Dataset extract:

┏━━

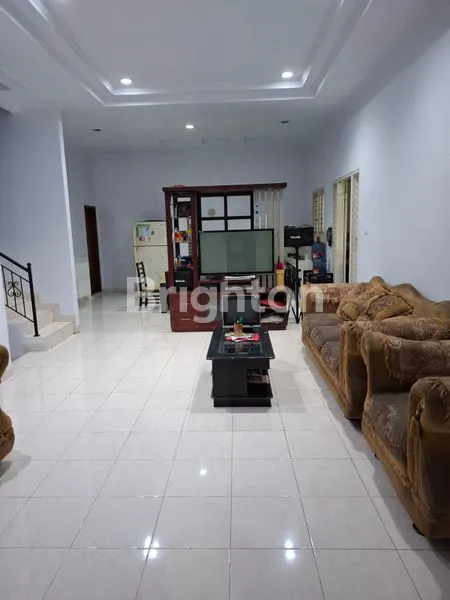 image RUMAH HUK 4 KMR SHM 150M2 \\NDEKAT MALL DAAN MOGOT (3)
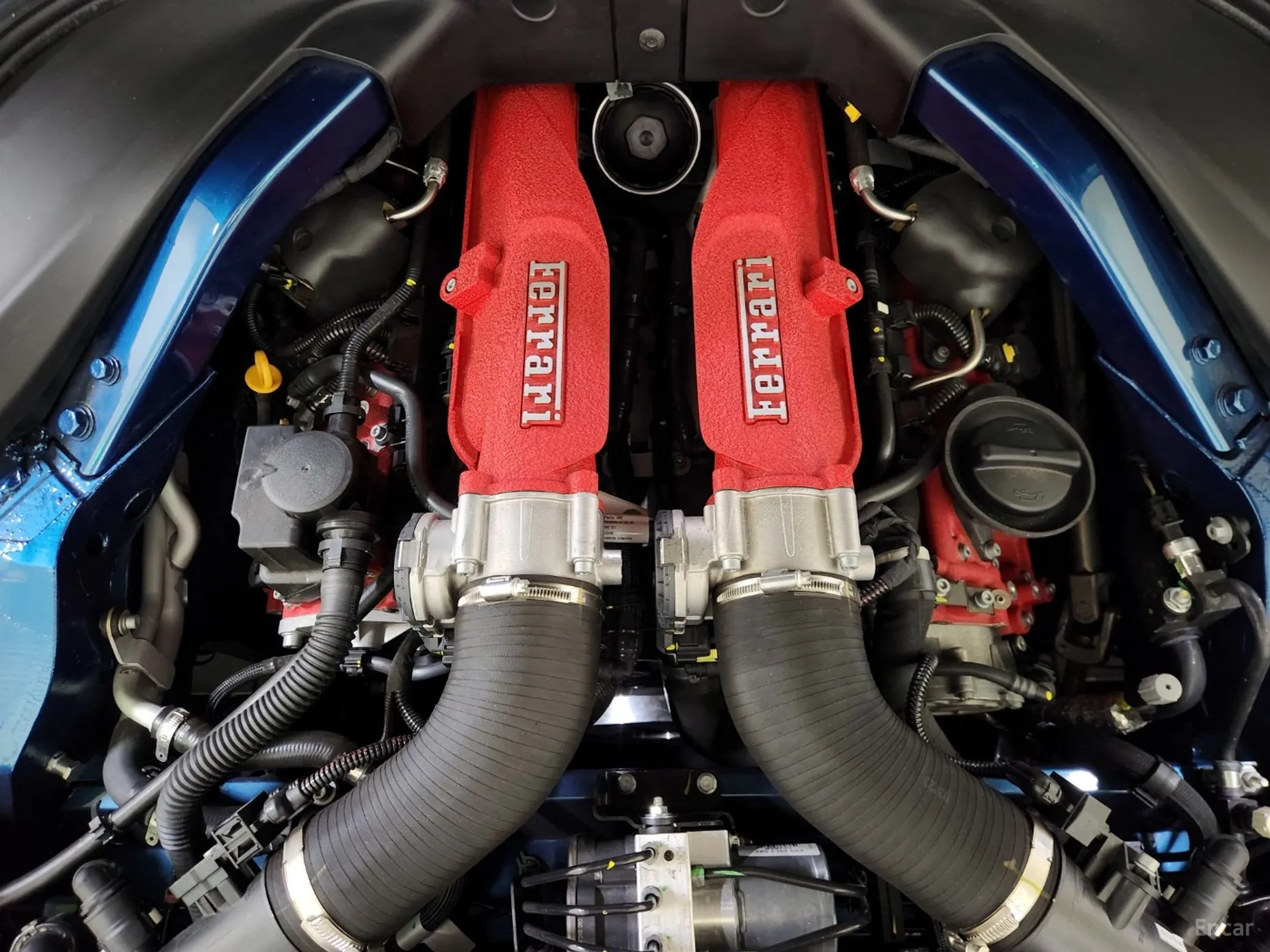 Ferrari Portofino превью 19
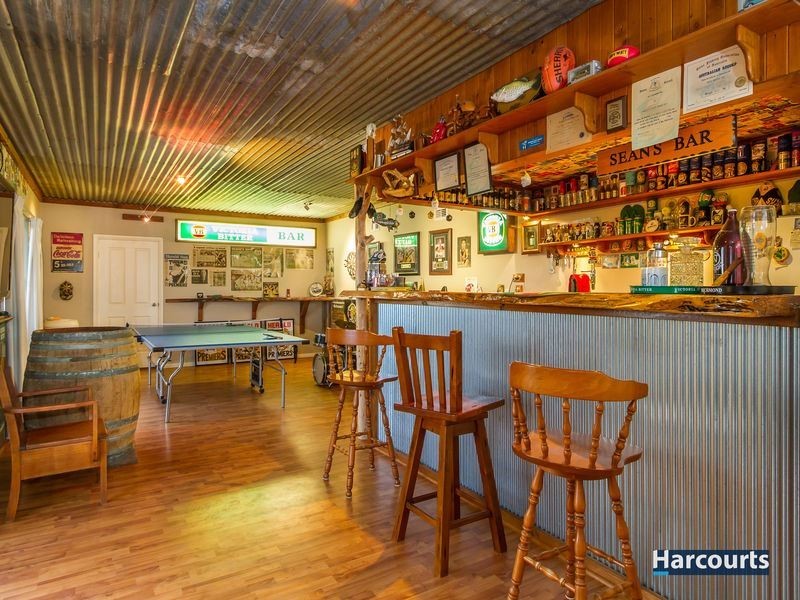 22 Leon Court, Ferntree Gully VIC 3156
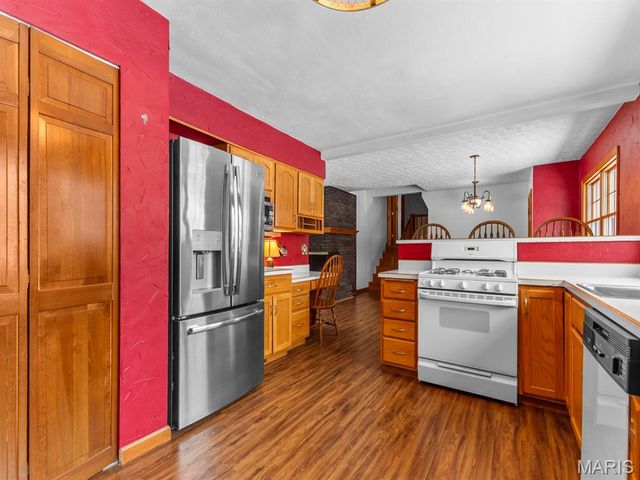 226 S 9th Street, East Alton, IL 62024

┗━━

Task description: Reproduce precisely the lines of the listing above, from the line containing "22 Leon Court, Ferntree Gully VIC 3156" to the last line, both ends included. Pictures are to be omitted.

Exercise solution:
 22 Leon Court, Ferntree Gully VIC 3156
 226 S 9th Street, East Alton, IL 62024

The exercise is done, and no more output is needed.